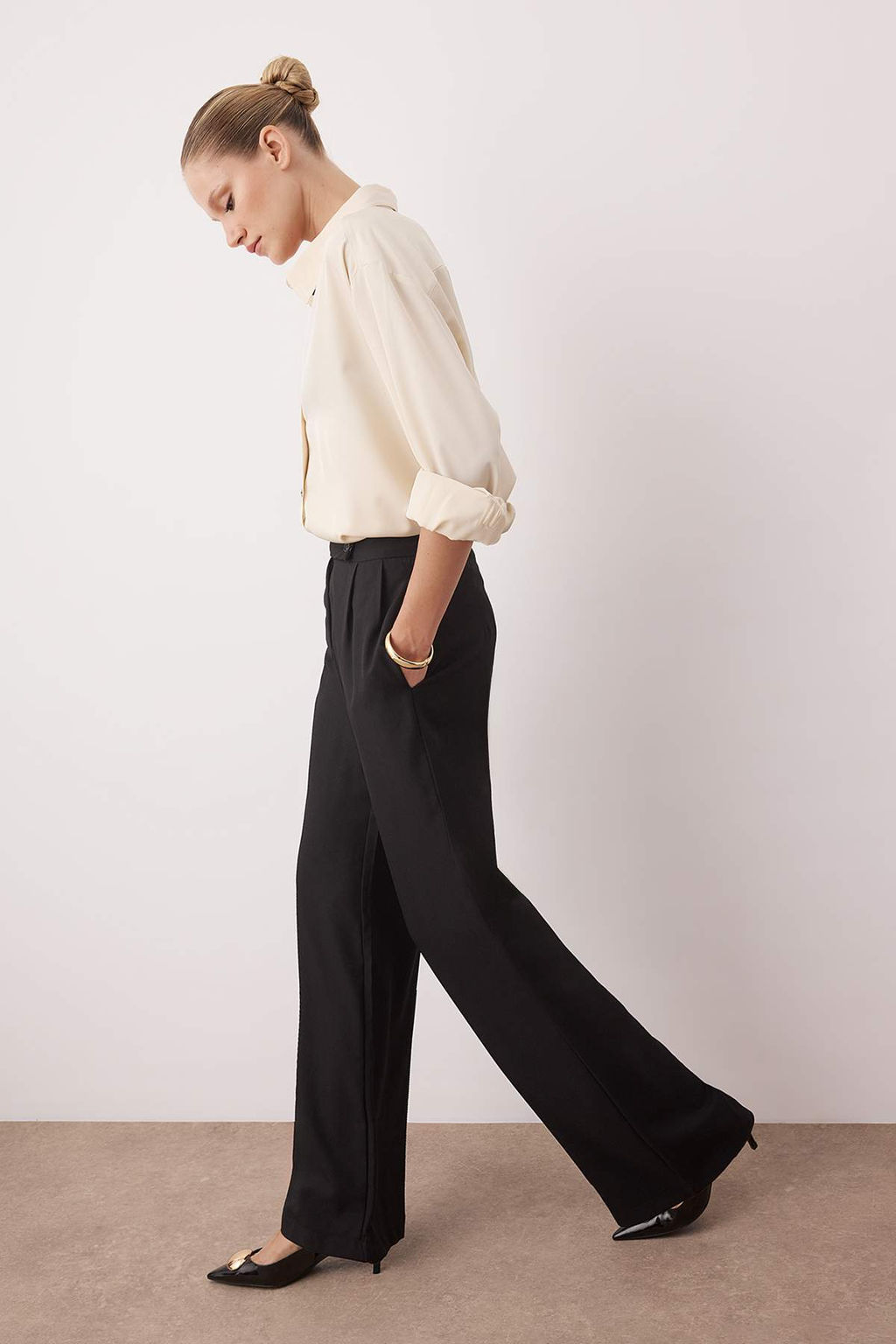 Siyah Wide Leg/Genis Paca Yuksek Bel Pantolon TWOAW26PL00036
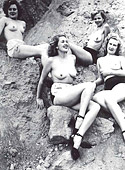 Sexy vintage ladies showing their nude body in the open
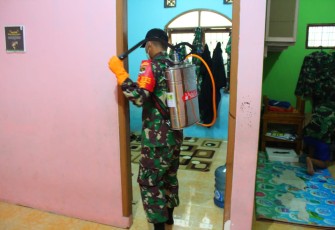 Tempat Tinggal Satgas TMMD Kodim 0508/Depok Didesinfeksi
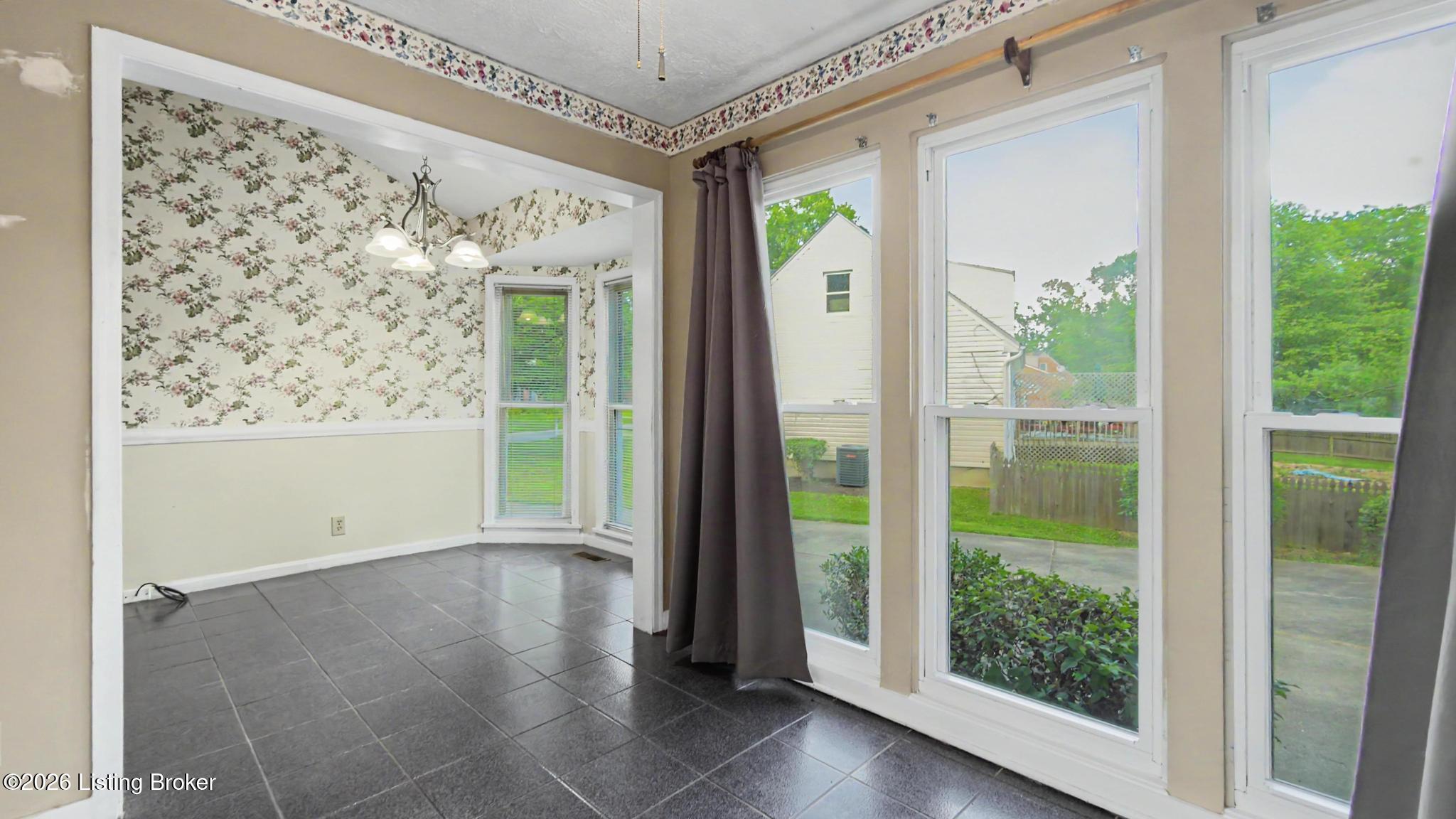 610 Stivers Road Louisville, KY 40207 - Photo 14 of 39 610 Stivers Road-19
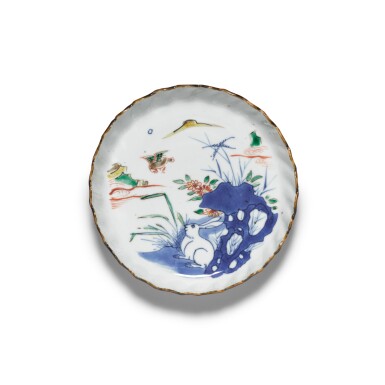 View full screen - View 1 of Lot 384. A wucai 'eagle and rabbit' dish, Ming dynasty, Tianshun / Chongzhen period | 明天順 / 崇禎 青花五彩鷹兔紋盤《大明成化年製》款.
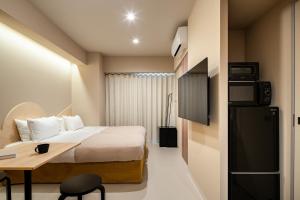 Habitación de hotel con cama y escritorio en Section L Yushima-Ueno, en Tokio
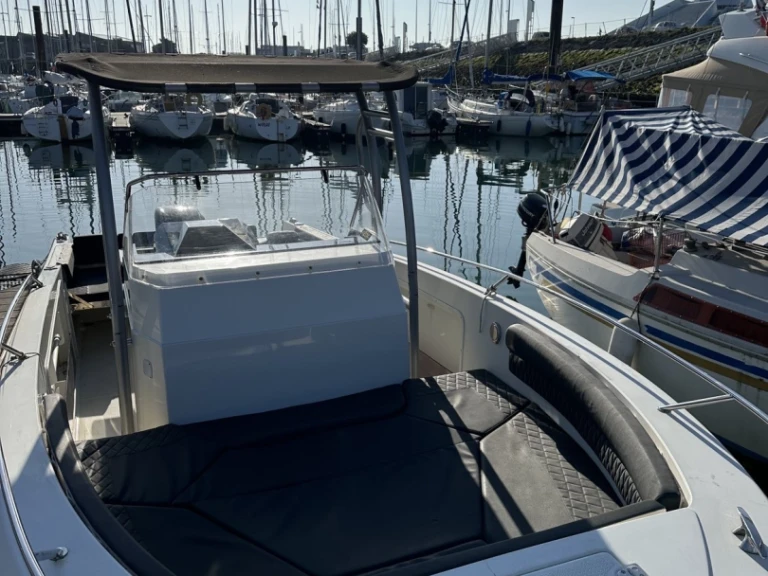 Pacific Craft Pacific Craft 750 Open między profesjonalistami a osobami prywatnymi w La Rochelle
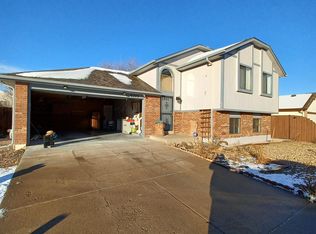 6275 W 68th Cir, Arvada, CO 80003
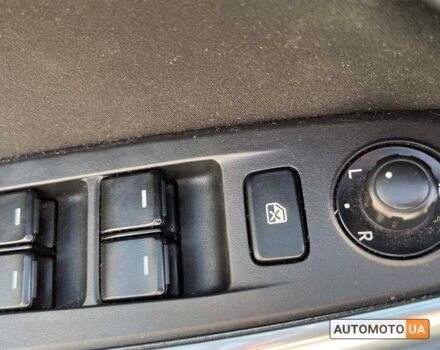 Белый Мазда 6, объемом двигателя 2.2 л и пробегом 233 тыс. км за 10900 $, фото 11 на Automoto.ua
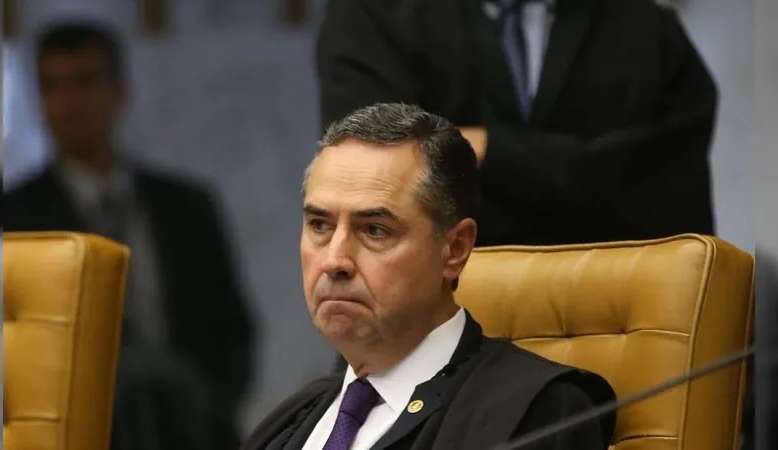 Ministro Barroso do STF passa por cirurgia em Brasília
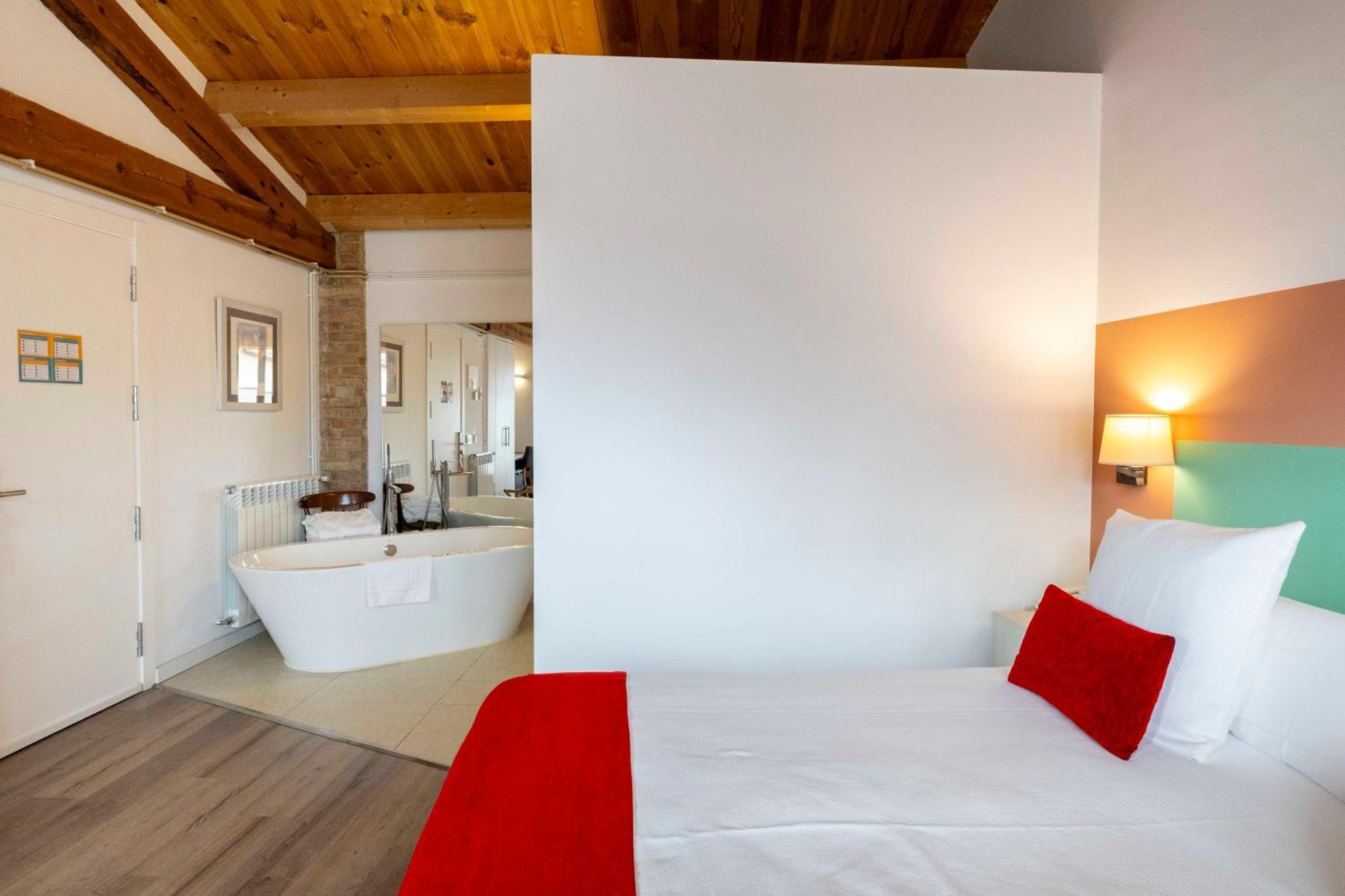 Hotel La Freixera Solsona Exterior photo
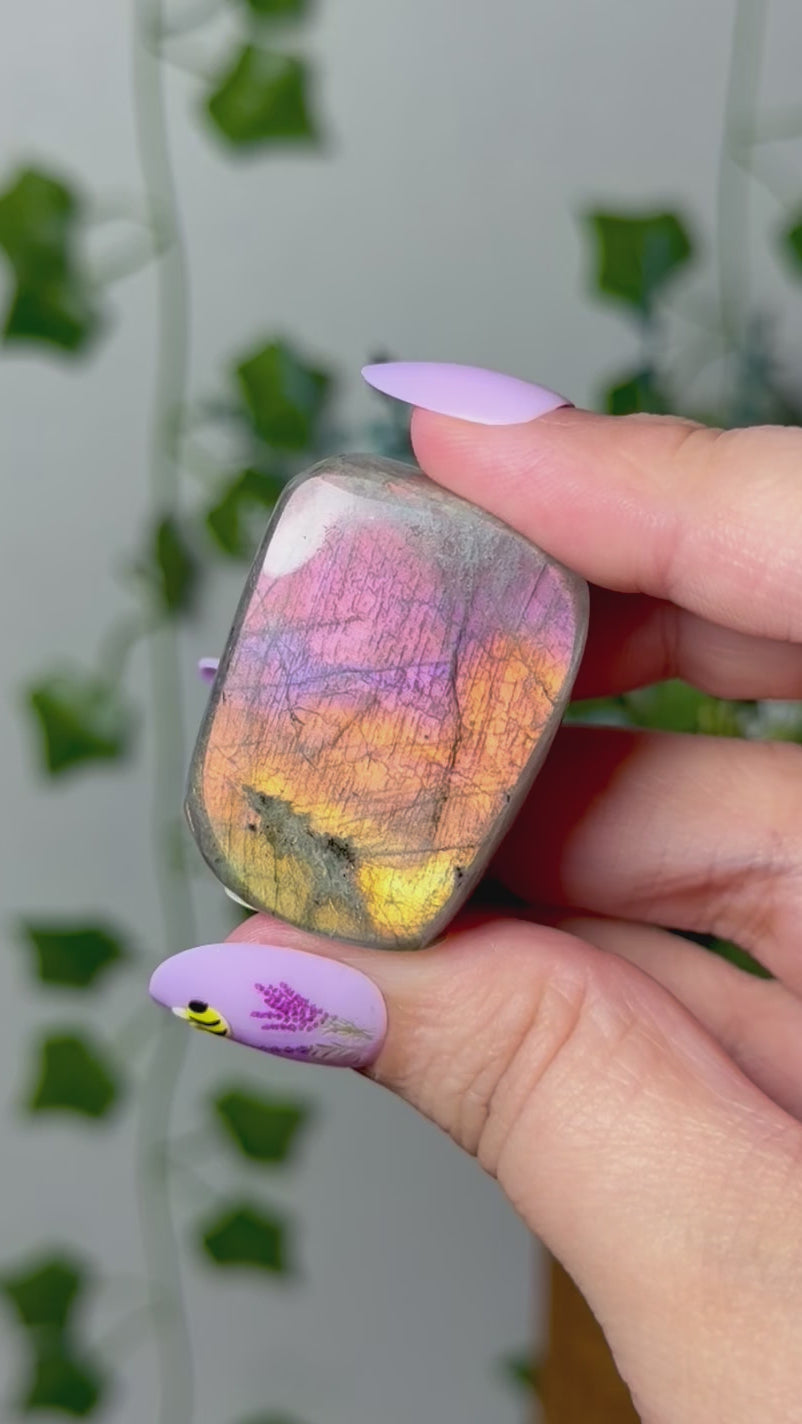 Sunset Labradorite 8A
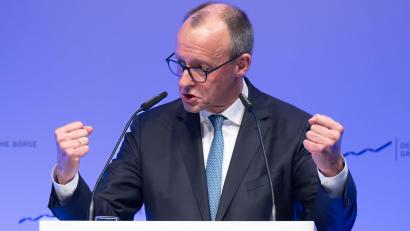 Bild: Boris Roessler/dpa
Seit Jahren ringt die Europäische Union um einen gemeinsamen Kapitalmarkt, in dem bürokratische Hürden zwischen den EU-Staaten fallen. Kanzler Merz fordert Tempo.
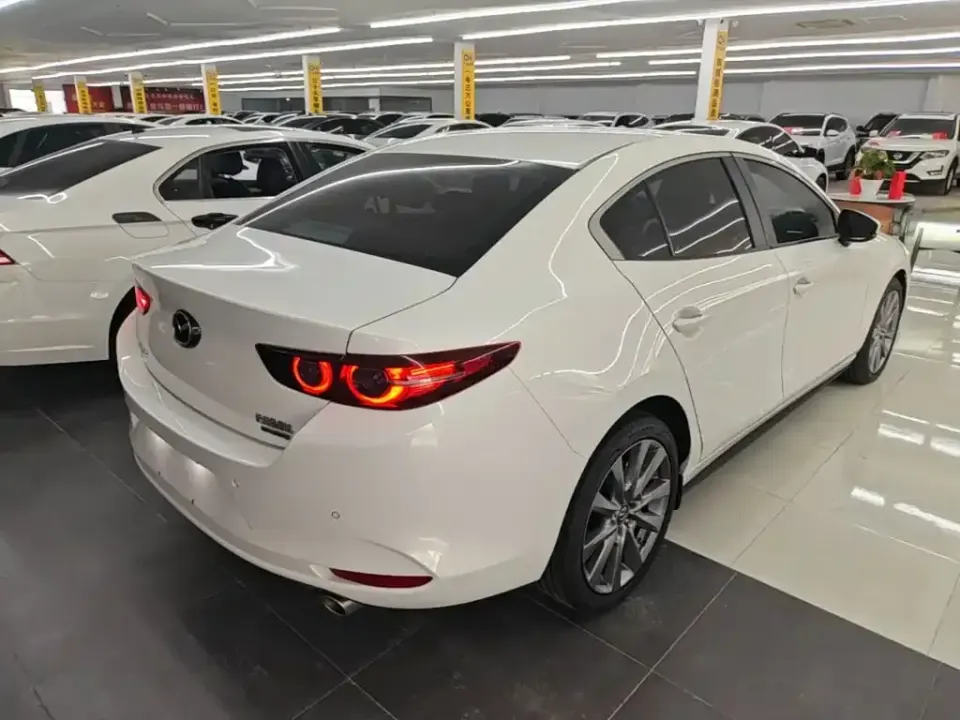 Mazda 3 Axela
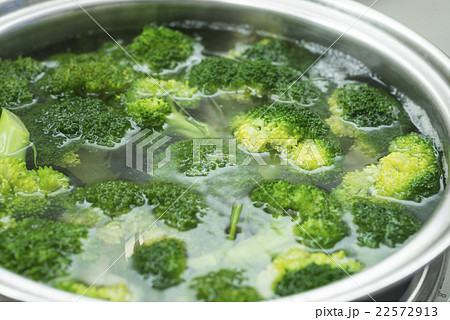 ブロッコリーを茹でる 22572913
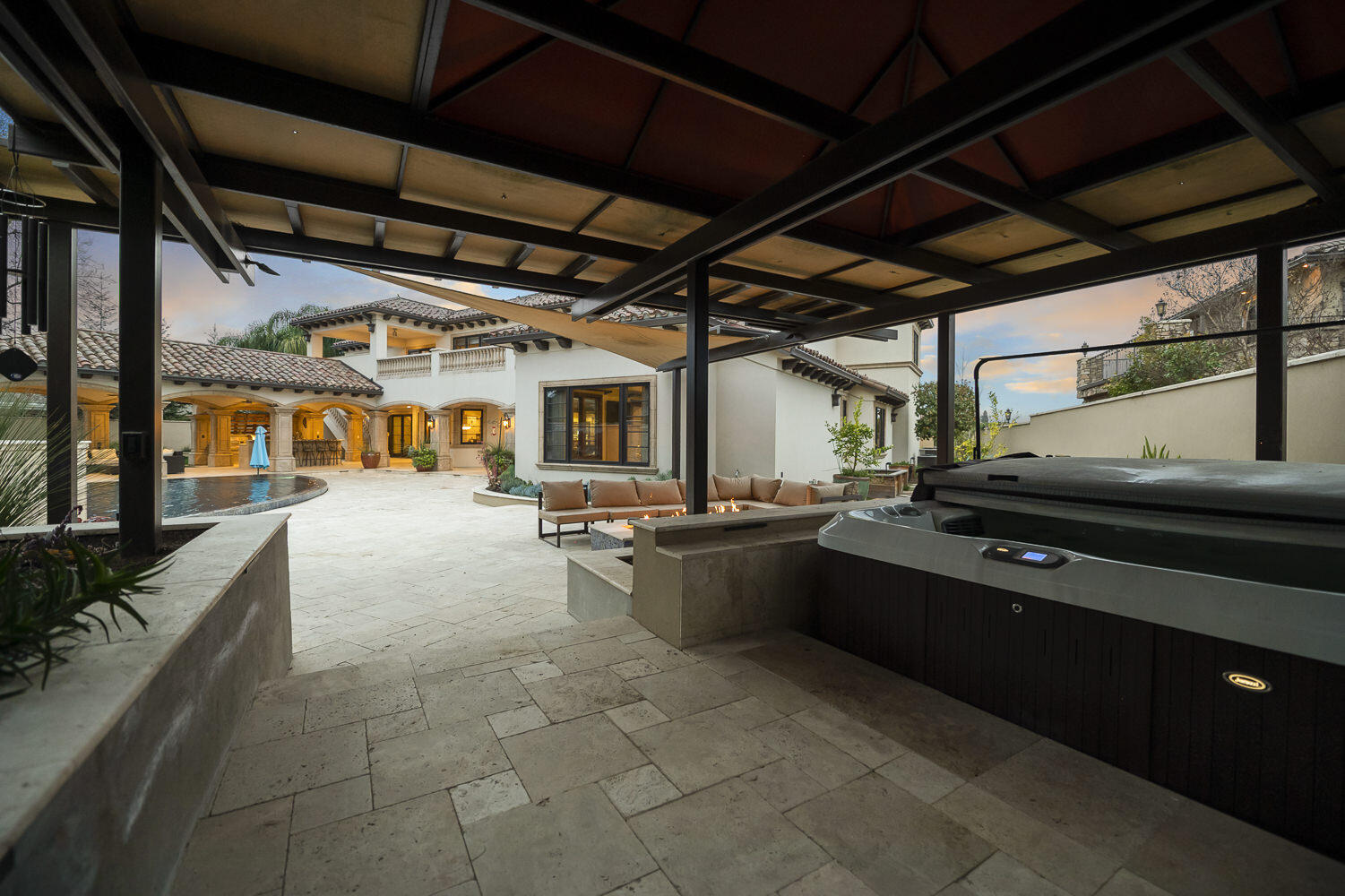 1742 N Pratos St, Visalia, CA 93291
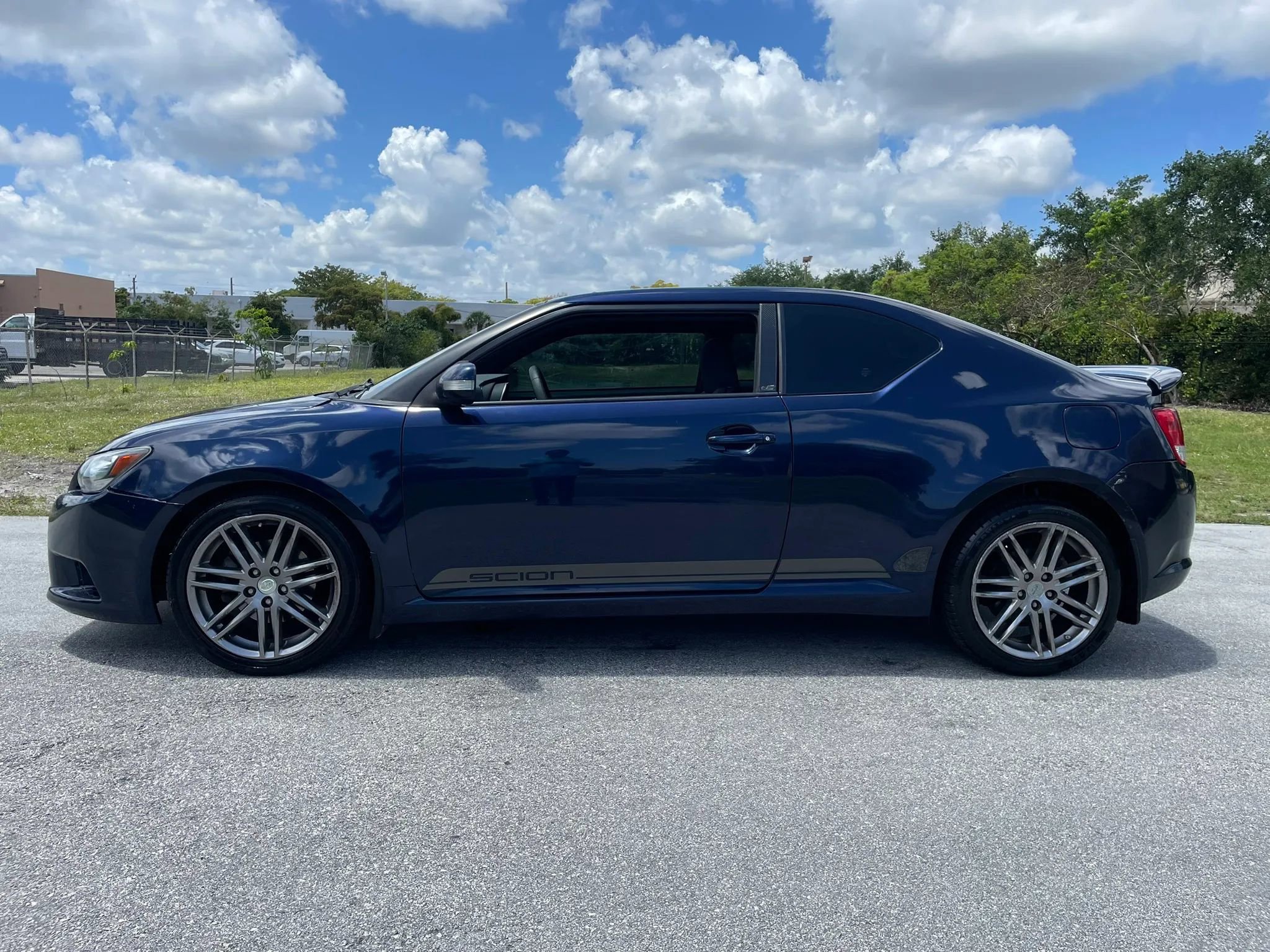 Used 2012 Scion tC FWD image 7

▶ _DESCRIPTION OF THE TASK_: Repeat the data word for word. Skip the pictures.

▶ _REPLY TO THE EXERCISE_:
 Siyah Wide Leg/Genis Paca Yuksek Bel Pantolon TWOAW26PL00036
 Sexy vintage ladies showing their nude body in the open
 Tempat Tinggal Satgas TMMD Kodim 0508/Depok Didesinfeksi
 610 Stivers Road Louisville, KY 40207 - Photo 14 of 39 610 Stivers Road-19
 View full screen - View 1 of Lot 384. A wucai 'eagle and rabbit' dish, Ming dynasty, Tianshun / Chongzhen period | 明天順 / 崇禎 青花五彩鷹兔紋盤《大明成化年製》款.
 Habitación de hotel con cama y escritorio en Section L Yushima-Ueno, en Tokio
 Pacific Craft Pacific Craft 750 Open między profesjonalistami a osobami prywatnymi w La Rochelle
 6275 W 68th Cir, Arvada, CO 80003
 Белый Мазда 6, объемом двигателя 2.2 л и пробегом 233 тыс. км за 10900 $, фото 11 на Automoto.ua
 Ministro Barroso do STF passa por cirurgia em Brasília
 Hotel La Freixera Solsona Exterior photo
 Sunset Labradorite 8A
 Bild: Boris Roessler/dpa
Seit Jahren ringt die Europäische Union um einen gemeinsamen Kapitalmarkt, in dem bürokratische Hürden zwischen den EU-Staaten fallen. Kanzler Merz fordert Tempo.
 Mazda 3 Axela
 ブロッコリーを茹でる 22572913
 1742 N Pratos St, Visalia, CA 93291
 Used 2012 Scion tC FWD image 7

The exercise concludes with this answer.